- **Task description**:
Find, in the records below, the line that contains "a red and green" and the line that contains "May include: A". Copy those two lines and everything between them exactly, but not the pictures.

- **Input for this task**:
§

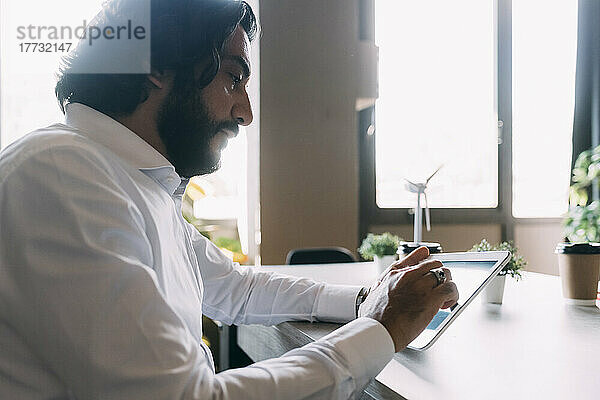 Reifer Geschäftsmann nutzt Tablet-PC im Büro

§

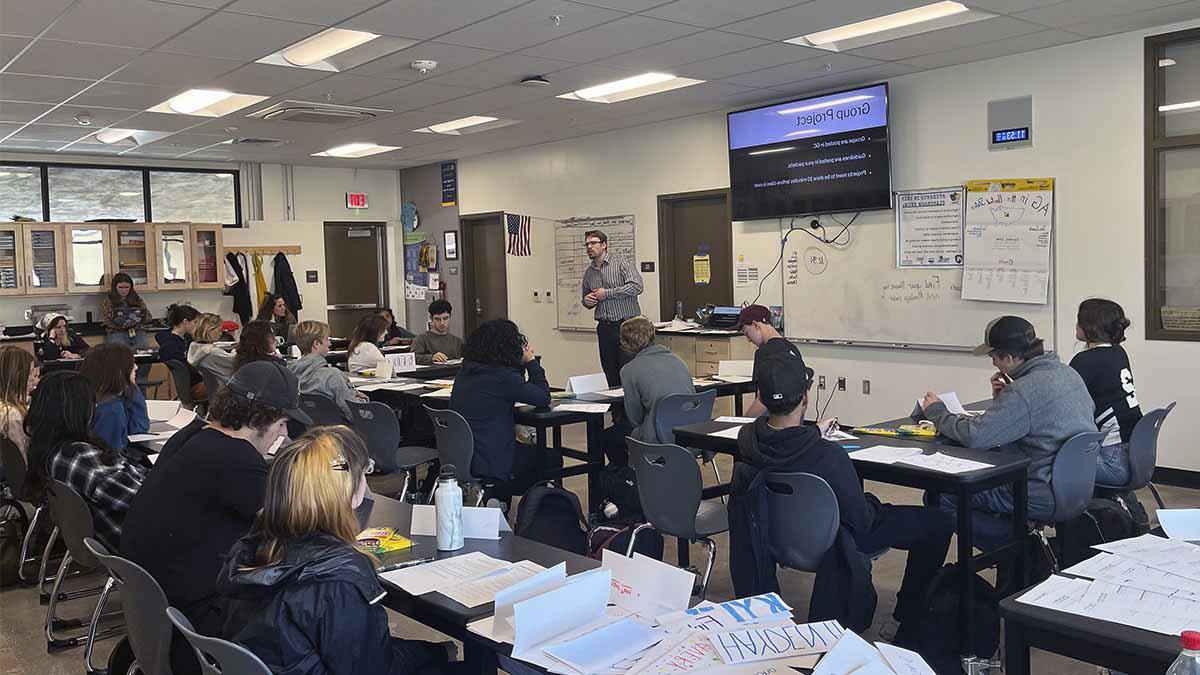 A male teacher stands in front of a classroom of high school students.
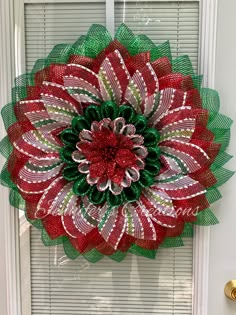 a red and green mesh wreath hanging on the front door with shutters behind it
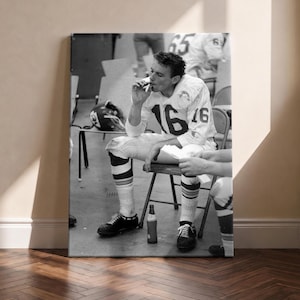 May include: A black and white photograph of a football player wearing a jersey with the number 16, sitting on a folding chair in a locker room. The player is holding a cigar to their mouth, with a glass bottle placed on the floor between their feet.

§

- **Written solution**:
 a red and green mesh wreath hanging on the front door with shutters behind it
 May include: A black and white photograph of a football player wearing a jersey with the number 16, sitting on a folding chair in a locker room. The player is holding a cigar to their mouth, with a glass bottle placed on the floor between their feet.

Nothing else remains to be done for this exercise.